(Collected data entries)
________________

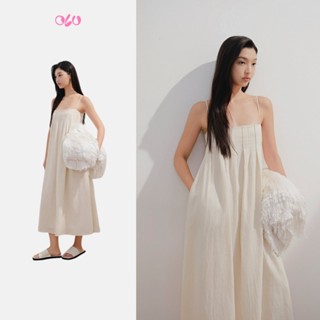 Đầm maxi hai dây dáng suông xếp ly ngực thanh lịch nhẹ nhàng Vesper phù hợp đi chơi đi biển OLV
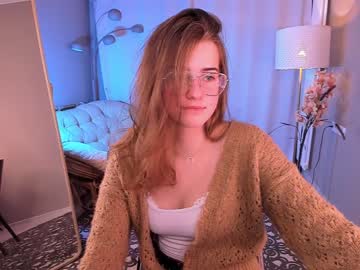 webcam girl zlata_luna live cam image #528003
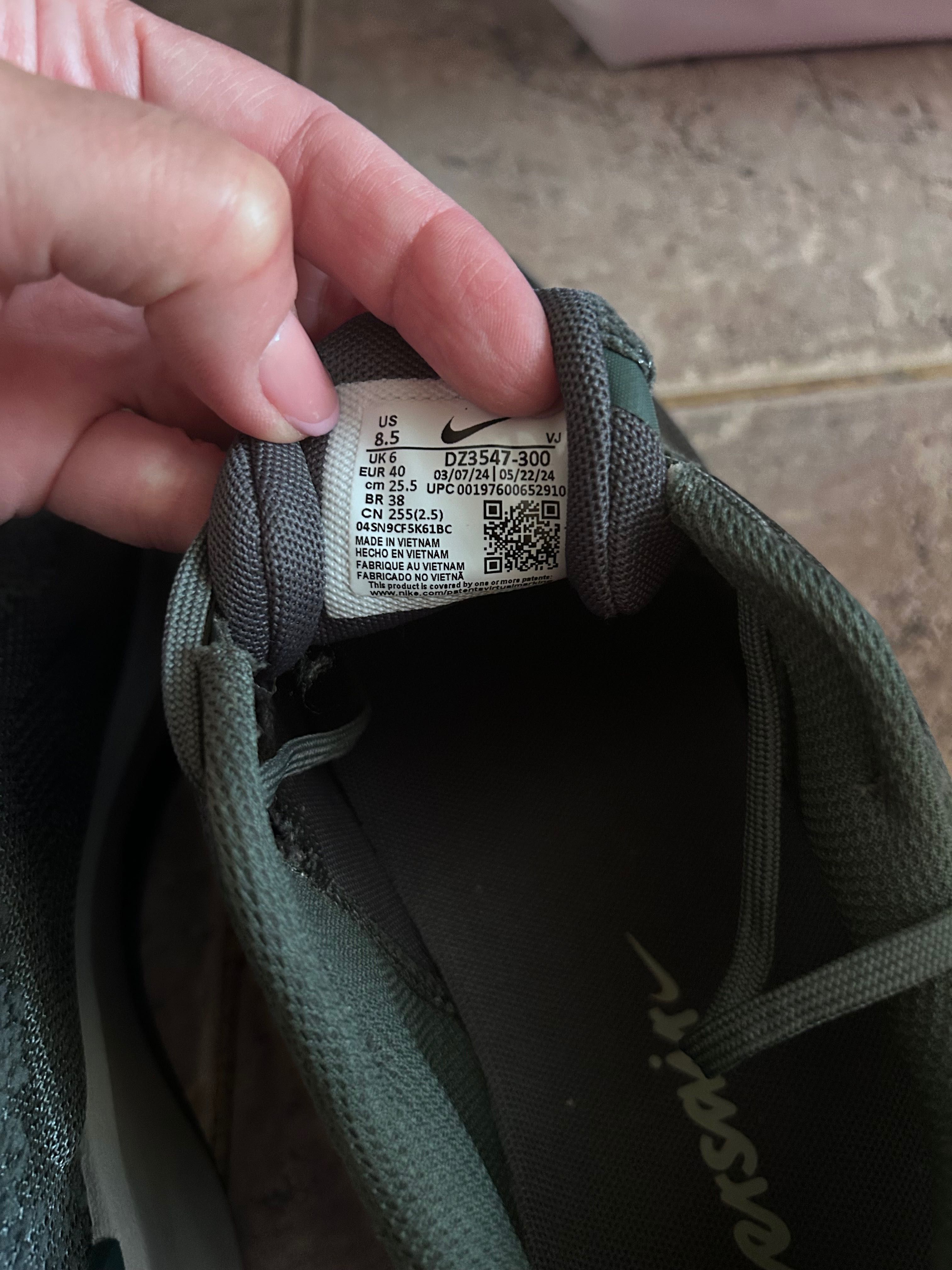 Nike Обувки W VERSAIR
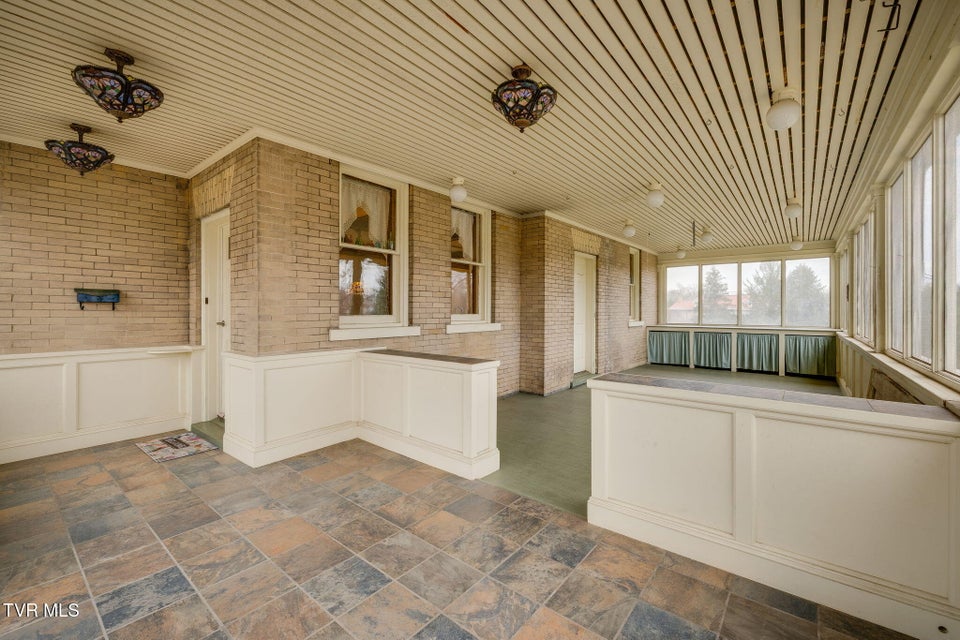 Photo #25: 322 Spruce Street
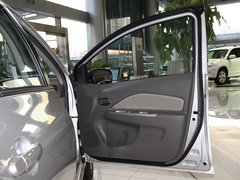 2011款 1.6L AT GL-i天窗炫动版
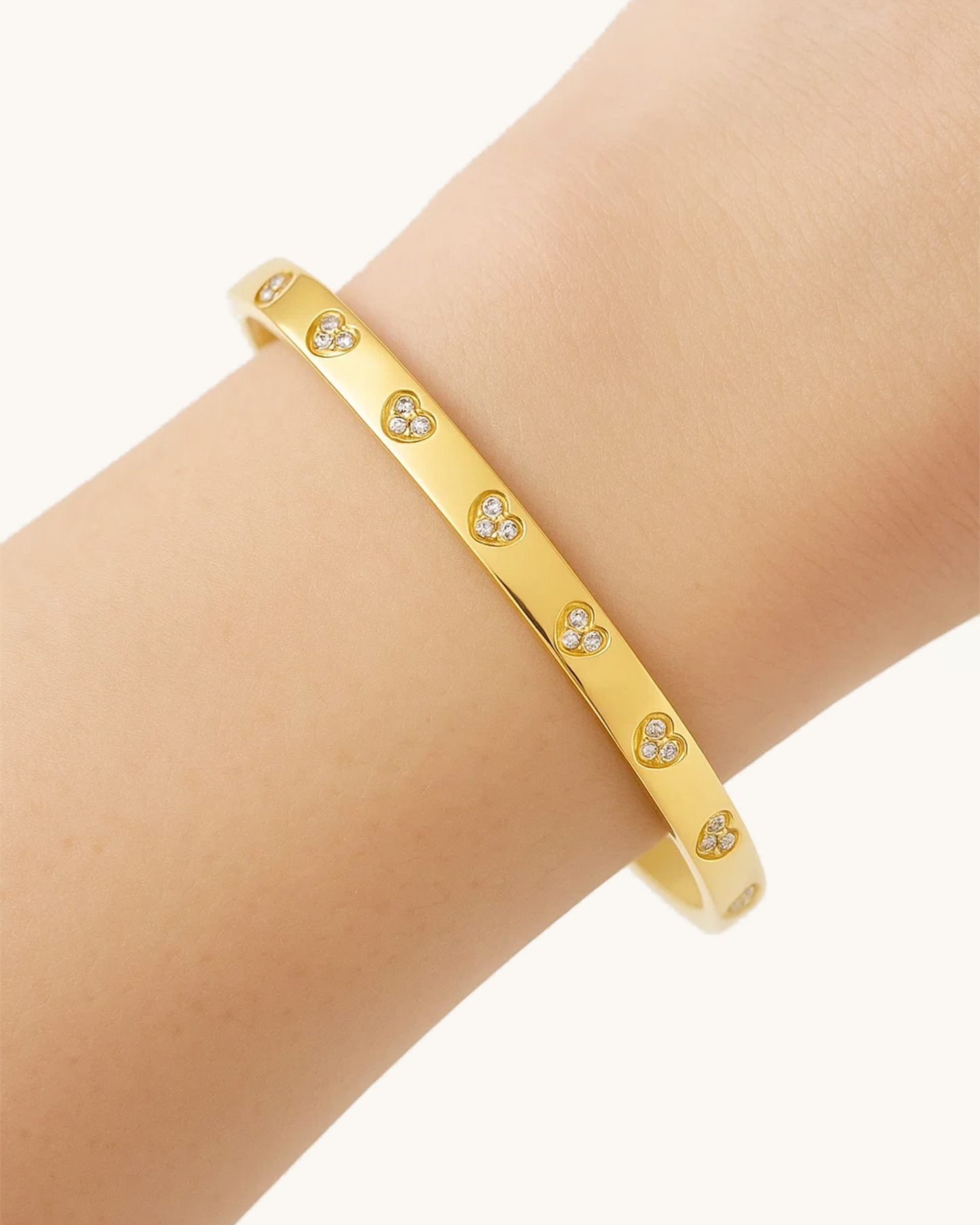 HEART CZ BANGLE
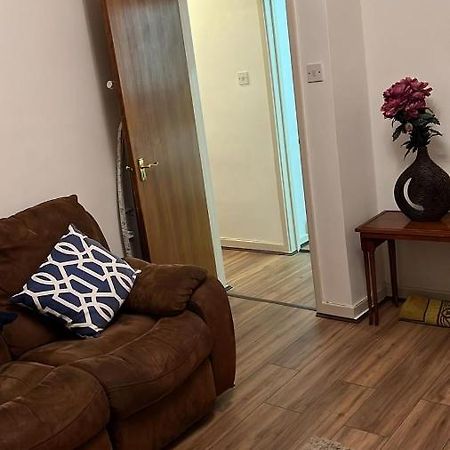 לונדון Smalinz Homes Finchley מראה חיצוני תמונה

________________

# [Exercise]
Excluding the pictures, output every entry above without alteration.

# [Task output]
 Đầm maxi hai dây dáng suông xếp ly ngực thanh lịch nhẹ nhàng Vesper phù hợp đi chơi đi biển OLV
 webcam girl zlata_luna live cam image #528003
 Nike Обувки W VERSAIR
 Photo #25: 322 Spruce Street
 2011款 1.6L AT GL-i天窗炫动版
 HEART CZ BANGLE
 לונדון Smalinz Homes Finchley מראה חיצוני תמונה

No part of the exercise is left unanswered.